◆ Extracted material
======
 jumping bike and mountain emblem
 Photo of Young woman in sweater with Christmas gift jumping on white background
======
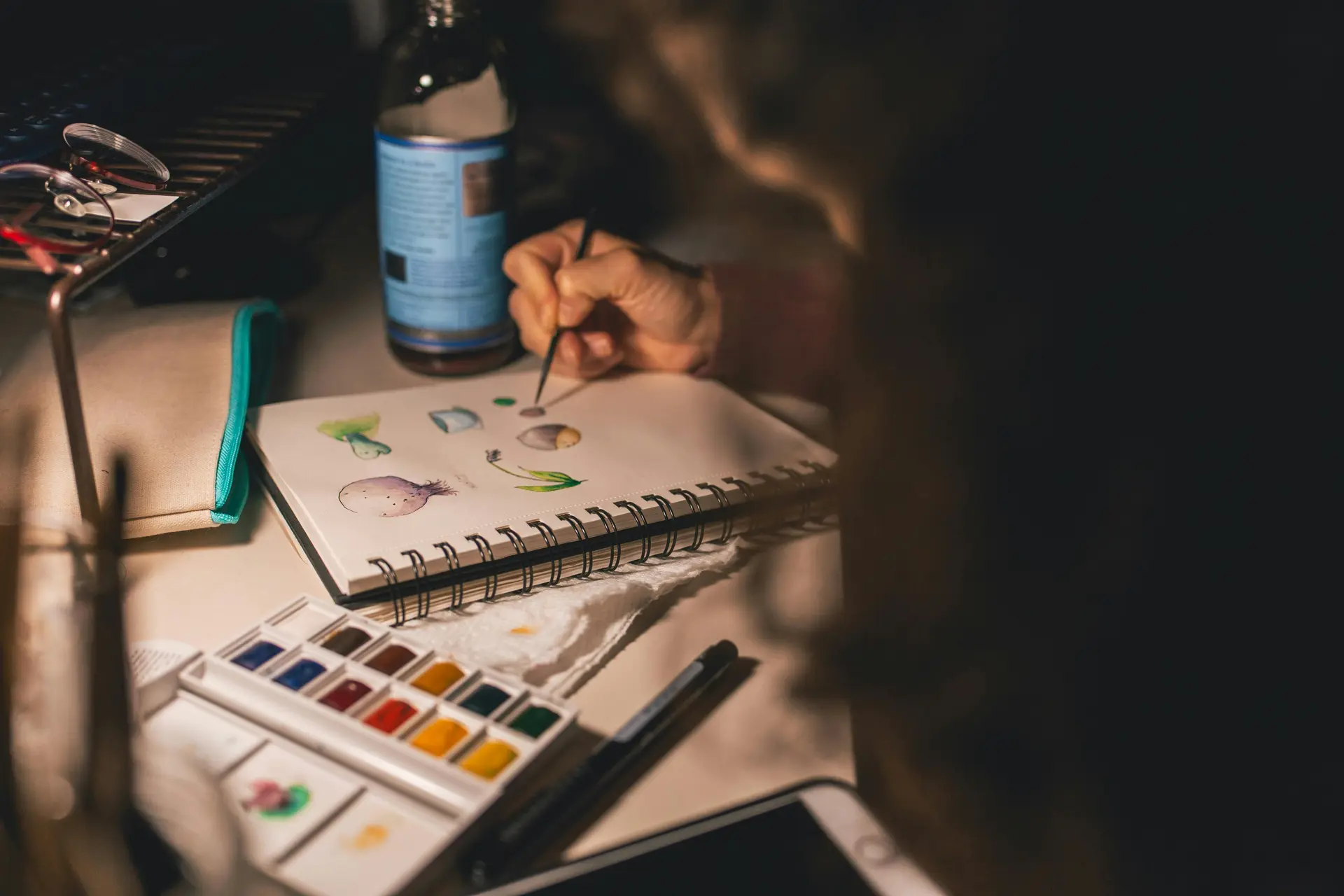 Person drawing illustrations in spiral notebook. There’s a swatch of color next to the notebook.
======
◆ Instructions for the task
Your answer should be the lines above, from the line containing "jumping bike and mountain emblem" up to and including the line containing "Photo of Young", reproduced exactly and with nothing else.

◆ Problem solution
 jumping bike and mountain emblem
 Photo of Young woman in sweater with Christmas gift jumping on white background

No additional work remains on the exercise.